== How to complete this task ==
Print the lines in the listing below that fall between the line with "The pros or" and the line with "Good. So this", those two lines included, exactly as they stand and with nothing else.

== Material shown ==
--------------------------------------------------

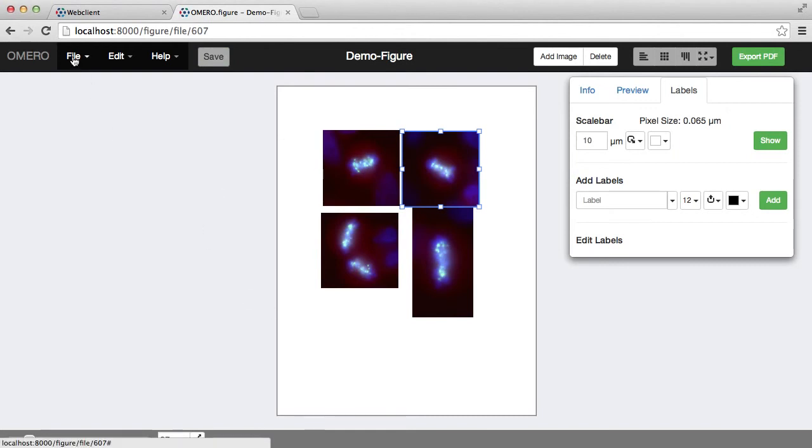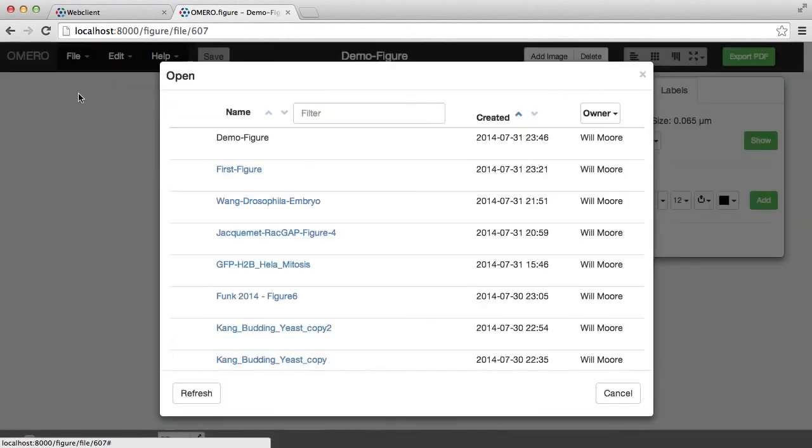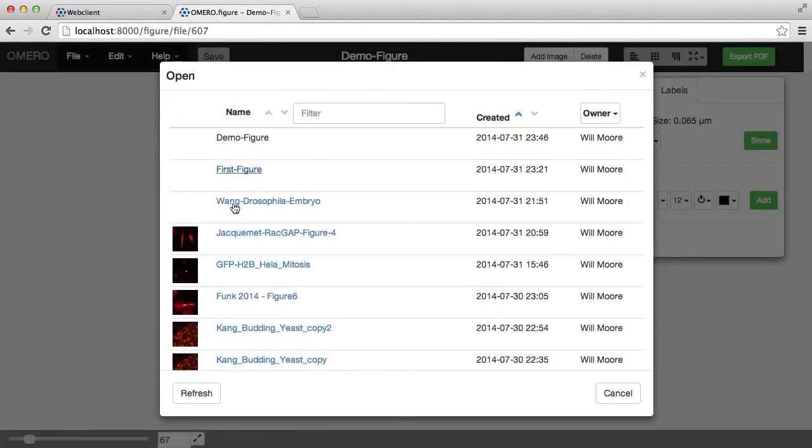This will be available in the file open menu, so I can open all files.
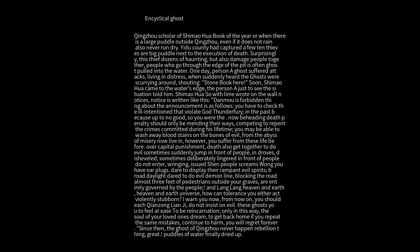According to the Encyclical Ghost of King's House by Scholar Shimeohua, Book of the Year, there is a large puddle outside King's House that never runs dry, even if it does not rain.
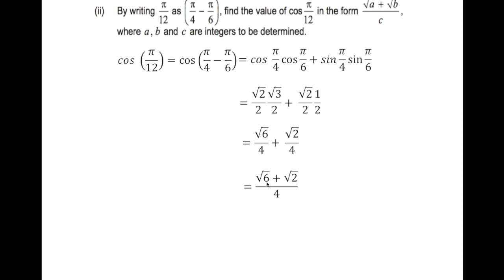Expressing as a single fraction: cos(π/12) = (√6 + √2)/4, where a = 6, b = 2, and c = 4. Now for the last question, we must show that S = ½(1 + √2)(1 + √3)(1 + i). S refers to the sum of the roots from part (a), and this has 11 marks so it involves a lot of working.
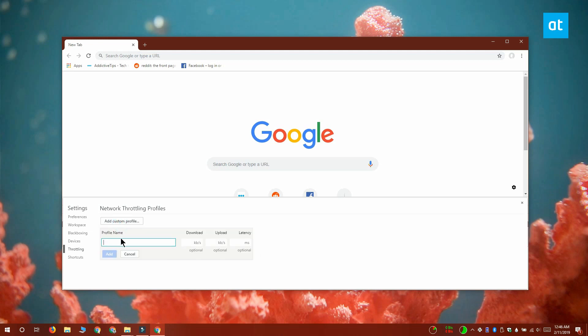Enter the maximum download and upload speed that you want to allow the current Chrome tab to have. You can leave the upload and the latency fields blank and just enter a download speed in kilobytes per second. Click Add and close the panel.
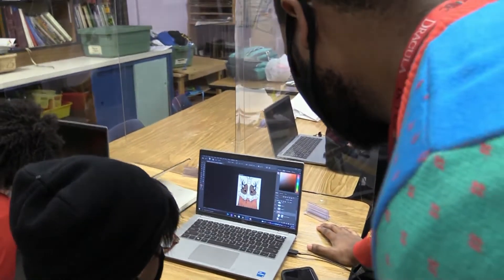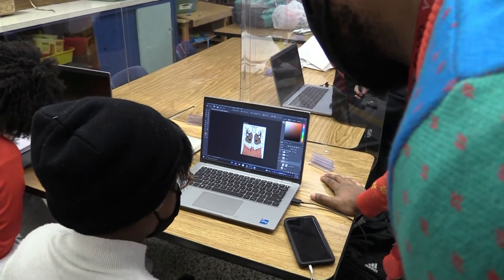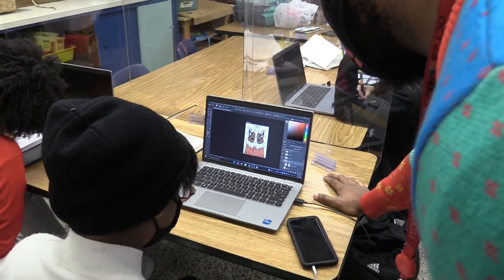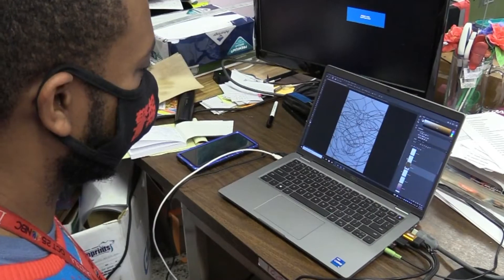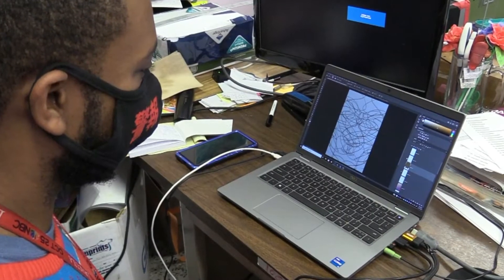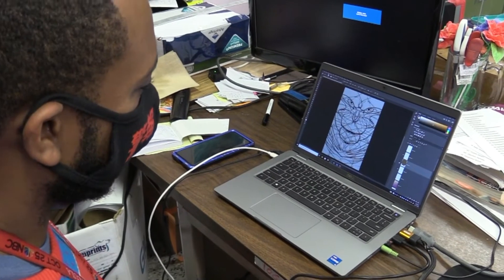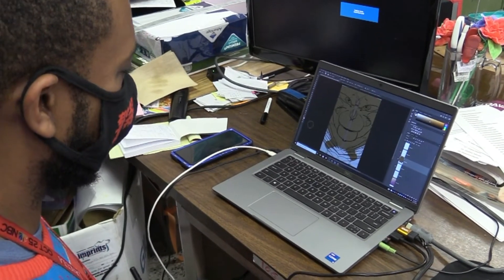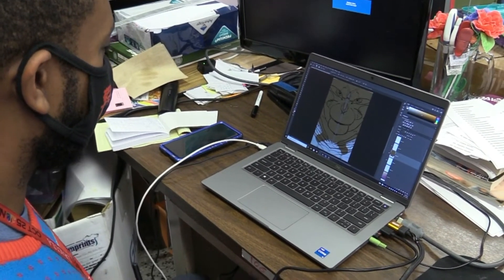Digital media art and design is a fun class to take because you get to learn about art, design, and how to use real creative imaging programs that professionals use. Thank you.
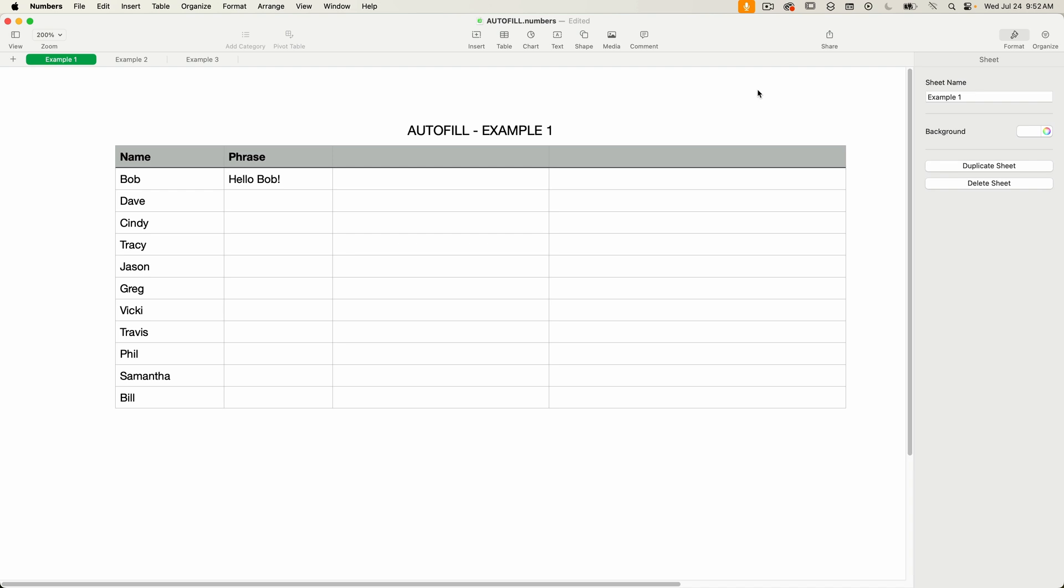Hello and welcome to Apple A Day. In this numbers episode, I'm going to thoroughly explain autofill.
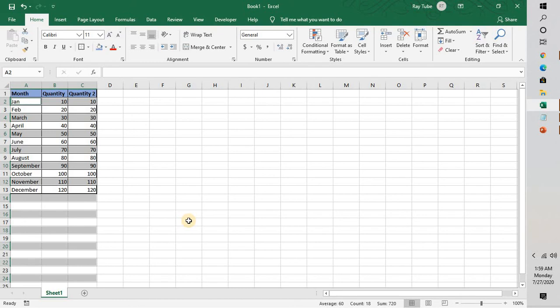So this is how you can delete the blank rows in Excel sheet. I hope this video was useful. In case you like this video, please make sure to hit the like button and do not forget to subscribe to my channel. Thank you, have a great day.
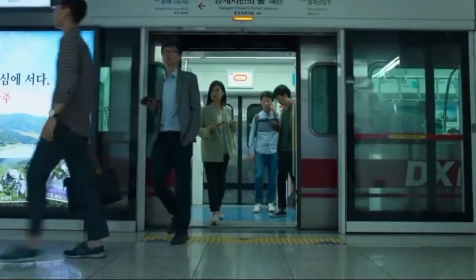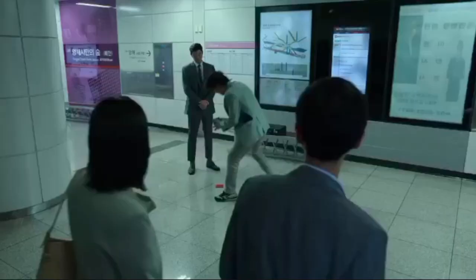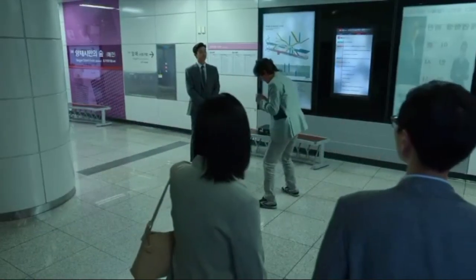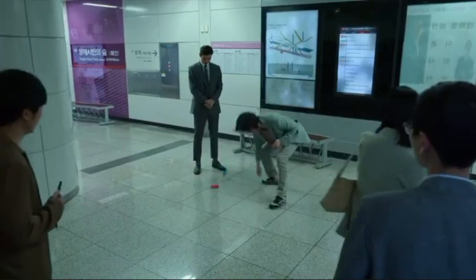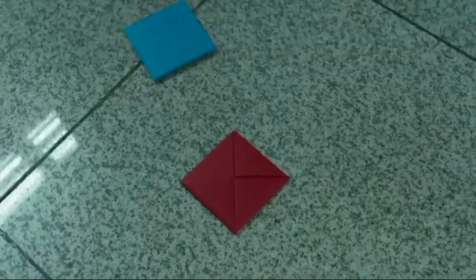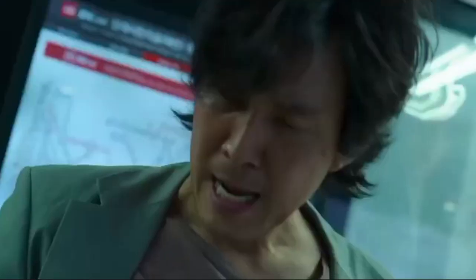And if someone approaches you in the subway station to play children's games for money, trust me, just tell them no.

--------------------------------------------------

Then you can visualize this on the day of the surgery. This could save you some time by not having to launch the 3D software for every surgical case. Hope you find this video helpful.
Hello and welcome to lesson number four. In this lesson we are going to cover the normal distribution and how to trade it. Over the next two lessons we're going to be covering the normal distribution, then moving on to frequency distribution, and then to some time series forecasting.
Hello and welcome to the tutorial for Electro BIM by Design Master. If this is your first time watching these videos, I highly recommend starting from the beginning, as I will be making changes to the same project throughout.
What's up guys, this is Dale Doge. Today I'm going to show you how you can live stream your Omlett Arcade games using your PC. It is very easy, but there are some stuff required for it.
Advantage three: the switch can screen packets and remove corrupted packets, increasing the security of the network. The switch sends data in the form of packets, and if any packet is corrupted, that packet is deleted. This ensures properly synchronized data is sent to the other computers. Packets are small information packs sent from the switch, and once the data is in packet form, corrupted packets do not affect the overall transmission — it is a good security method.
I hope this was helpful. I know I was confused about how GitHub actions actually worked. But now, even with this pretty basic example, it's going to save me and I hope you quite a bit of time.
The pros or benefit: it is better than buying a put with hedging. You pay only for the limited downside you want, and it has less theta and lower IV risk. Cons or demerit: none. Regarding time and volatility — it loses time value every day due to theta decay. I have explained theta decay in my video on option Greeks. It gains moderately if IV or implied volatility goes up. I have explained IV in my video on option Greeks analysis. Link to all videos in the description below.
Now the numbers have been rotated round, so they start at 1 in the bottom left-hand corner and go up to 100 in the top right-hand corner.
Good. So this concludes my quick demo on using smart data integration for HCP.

--------------------------------------------------

== Answer to this problem ==
The pros or benefit: it is better than buying a put with hedging. You pay only for the limited downside you want, and it has less theta and lower IV risk. Cons or demerit: none. Regarding time and volatility — it loses time value every day due to theta decay. I have explained theta decay in my video on option Greeks. It gains moderately if IV or implied volatility goes up. I have explained IV in my video on option Greeks analysis. Link to all videos in the description below.
Now the numbers have been rotated round, so they start at 1 in the bottom left-hand corner and go up to 100 in the top right-hand corner.
Good. So this concludes my quick demo on using smart data integration for HCP.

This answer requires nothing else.